Work required: Report how many lines below include the string "Benz". Please keep the reply to that number.

+++ Working data +++

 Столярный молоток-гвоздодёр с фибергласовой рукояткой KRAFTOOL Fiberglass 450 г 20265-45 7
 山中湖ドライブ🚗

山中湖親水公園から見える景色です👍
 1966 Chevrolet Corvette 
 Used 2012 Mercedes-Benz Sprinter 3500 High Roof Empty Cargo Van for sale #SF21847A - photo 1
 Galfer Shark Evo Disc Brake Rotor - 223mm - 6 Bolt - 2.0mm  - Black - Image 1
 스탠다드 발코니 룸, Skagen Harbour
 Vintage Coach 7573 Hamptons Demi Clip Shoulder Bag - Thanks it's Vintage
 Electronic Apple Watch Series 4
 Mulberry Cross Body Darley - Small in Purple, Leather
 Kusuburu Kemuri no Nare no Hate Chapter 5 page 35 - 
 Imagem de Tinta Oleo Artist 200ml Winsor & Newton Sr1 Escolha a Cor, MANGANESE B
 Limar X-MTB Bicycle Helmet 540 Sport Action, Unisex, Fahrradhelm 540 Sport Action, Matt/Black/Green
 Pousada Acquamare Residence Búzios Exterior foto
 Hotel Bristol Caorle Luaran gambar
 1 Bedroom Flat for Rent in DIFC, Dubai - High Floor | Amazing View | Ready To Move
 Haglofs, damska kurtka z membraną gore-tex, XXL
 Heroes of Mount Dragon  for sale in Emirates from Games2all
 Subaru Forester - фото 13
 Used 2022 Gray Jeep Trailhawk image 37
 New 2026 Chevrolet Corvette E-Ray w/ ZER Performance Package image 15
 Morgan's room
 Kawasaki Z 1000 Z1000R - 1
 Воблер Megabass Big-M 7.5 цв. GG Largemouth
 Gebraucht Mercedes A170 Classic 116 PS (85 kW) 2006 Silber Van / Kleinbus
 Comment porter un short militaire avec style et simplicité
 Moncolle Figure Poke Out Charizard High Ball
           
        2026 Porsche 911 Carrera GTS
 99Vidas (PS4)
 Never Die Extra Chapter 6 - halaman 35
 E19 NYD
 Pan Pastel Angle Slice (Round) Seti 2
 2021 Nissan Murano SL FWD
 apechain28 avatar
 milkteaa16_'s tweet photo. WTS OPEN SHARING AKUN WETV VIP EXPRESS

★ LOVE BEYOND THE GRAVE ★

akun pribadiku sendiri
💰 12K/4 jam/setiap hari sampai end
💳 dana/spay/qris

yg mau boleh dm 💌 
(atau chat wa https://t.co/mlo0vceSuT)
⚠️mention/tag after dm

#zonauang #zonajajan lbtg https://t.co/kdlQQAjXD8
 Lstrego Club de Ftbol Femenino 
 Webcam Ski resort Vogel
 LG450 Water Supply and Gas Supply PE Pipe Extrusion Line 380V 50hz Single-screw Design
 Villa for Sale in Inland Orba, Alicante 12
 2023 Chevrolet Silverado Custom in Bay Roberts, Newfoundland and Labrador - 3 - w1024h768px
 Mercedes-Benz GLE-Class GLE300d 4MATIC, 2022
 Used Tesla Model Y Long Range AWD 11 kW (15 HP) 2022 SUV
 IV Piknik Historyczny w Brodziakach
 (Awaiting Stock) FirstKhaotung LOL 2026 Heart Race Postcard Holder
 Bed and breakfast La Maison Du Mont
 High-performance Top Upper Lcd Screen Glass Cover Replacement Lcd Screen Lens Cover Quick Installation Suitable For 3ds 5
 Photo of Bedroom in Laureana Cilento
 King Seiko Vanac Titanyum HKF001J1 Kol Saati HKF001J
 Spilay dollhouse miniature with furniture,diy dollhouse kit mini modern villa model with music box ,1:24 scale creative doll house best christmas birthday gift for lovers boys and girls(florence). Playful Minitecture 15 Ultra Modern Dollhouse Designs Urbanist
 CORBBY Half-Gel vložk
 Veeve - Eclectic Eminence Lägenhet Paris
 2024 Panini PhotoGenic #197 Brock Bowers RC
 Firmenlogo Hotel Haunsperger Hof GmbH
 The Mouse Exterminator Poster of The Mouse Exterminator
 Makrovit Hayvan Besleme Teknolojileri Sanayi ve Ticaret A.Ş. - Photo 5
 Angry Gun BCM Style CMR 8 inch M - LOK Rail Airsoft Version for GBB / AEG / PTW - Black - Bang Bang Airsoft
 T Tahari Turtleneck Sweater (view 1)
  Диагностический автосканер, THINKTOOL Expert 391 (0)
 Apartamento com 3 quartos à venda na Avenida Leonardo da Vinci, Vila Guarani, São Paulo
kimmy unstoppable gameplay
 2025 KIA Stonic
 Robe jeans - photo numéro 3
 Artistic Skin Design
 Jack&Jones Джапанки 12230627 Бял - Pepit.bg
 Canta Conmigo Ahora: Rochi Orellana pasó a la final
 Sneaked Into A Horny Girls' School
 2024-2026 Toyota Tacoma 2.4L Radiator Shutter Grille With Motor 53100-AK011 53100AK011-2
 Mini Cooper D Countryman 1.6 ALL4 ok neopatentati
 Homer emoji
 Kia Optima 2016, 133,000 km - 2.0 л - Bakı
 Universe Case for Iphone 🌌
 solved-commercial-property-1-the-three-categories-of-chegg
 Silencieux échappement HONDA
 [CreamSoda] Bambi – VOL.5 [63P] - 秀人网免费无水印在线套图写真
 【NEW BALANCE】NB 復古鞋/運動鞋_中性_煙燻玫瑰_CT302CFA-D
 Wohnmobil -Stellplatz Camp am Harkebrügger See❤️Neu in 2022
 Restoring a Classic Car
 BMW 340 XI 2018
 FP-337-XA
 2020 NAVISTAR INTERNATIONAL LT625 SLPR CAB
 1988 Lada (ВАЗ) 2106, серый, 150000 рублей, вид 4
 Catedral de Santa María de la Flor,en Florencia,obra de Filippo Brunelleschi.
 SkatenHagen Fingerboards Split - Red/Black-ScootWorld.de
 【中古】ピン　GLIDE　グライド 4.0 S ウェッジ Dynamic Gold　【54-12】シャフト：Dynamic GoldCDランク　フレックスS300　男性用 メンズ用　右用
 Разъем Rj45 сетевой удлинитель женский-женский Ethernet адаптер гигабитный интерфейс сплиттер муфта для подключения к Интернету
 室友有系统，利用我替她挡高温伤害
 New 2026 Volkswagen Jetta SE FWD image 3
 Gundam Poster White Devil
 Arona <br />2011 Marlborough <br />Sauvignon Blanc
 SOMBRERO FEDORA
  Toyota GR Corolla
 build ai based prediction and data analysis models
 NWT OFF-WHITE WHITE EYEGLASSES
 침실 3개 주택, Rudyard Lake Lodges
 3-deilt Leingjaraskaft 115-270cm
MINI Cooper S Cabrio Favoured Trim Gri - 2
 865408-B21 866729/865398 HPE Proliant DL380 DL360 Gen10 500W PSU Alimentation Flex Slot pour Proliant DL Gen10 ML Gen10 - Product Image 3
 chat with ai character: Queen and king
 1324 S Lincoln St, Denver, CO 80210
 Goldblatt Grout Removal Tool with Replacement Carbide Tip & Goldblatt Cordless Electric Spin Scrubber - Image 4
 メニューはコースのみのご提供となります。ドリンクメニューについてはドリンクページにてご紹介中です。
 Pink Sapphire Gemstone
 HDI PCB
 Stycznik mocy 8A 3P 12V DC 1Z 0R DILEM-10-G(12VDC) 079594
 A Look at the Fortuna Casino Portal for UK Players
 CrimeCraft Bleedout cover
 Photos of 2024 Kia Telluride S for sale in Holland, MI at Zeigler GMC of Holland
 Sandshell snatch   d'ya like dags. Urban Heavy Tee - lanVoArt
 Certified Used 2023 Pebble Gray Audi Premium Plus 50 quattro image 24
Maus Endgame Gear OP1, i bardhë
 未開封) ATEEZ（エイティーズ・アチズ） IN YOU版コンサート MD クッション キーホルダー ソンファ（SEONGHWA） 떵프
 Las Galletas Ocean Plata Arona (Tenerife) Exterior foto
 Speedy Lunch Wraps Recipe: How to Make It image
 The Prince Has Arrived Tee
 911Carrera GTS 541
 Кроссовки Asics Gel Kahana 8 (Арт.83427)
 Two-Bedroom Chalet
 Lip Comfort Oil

+++

Output of the exercise: 2